All of this is happening in parallel with the rise of the far-right party, AfD, whose growing influence in German politics has made it the second-largest party and the largest opposition force in the 21st Bundestag.
This is just one example of so-called conservative—democratic—parties steering a country through an era defined by violence, all while increasingly aligning themselves with, or even adopting, the extremist ideology and policies of fascist far-right movements.
There is little difference between these kinds of regimes and other police states regimes like Egypt, which has used violence since the very first day of its rule. As we’ve seen, Egypt has already imprisoned many people simply for demonstrating in the streets or advocating for protests without any legitimate reason to keep them in jail to this day.
All of this is happening without any limits—just regimes asserting their authority through violence, establishing a rule: that violence is reserved for those who can both enforce and justify it.
The growing use of terms like national security, self-defense, militarism and instability reveals how these words have become part of a regime strategy to normalize violence, surveillance, and occupation. They are weaponized to justify actions that grant regimes the authority to carry out any act of violence.
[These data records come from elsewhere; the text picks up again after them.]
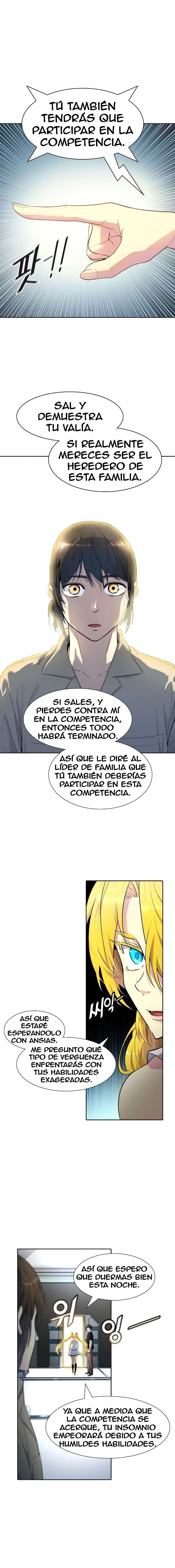 Read Torre de Dios (es) Manga Online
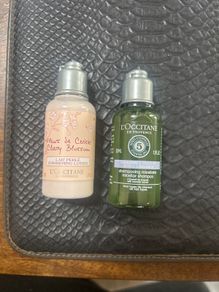 L'Occitane Mini's NEW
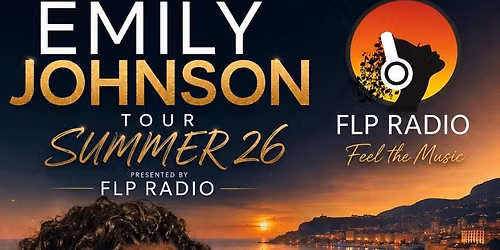 EMILY JOHNSON SUMMER TOUR 26 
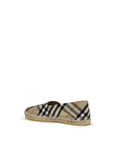 Burberry Multicolor Cotton Espadrilles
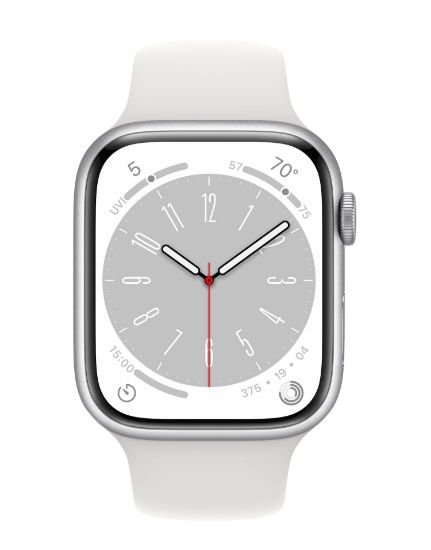 Изображение S8 45 Silver m/l
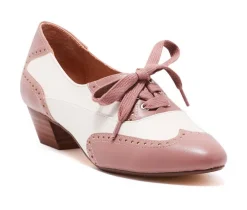 Women's Chelsea Crew Demi Low Heel Oxfords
Violence has always been—and is increasingly becoming—a global tool used by regimes both large and small, regardless of whether it is necessary or justified. It has become a strategy that allows politicians to maintain their grip on power for the long term and to impose fear on their own citizens.
The voices of extremists have become stronger, louder, and more influential than those of moderates—raising the risk of an escalating cycle in which extremist voices dominate and clash with one another.
But this also points to the absence of moderate voices. Is it that they are not being raised loudly enough, or are they being systematically deplatformed? In recent years, it has become increasingly clear that moderate voices and ideologies have failed to take actionable, strong, and viable steps to counter extremist narratives or to offer alternatives to the current political situation.
It is also clear that media platforms have become heavily politicized, giving space to extremists to project and promote their ideologies. But just as clear is that we—the people—have been unable to take a collective stand to push back against these voices. Until we do, extremist narratives will continue to gain ground and fill the void left by our inaction.
What has been happening in Palestine and Gaza for years is a political mirror of global politics where ethnic cleansing and genocide are carried out in full view of the world, without intervention or even the intention to stop it.